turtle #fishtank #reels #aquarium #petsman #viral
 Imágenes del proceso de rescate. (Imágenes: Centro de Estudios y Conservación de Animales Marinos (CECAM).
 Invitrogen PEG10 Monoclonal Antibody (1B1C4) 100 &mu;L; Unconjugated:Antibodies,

_Problem to solve_
Word for word, give the whole listing again.

_Solution to the problem_
turtle #fishtank #reels #aquarium #petsman #viral
 Imágenes del proceso de rescate. (Imágenes: Centro de Estudios y Conservación de Animales Marinos (CECAM).
 Invitrogen PEG10 Monoclonal Antibody (1B1C4) 100 &mu;L; Unconjugated:Antibodies,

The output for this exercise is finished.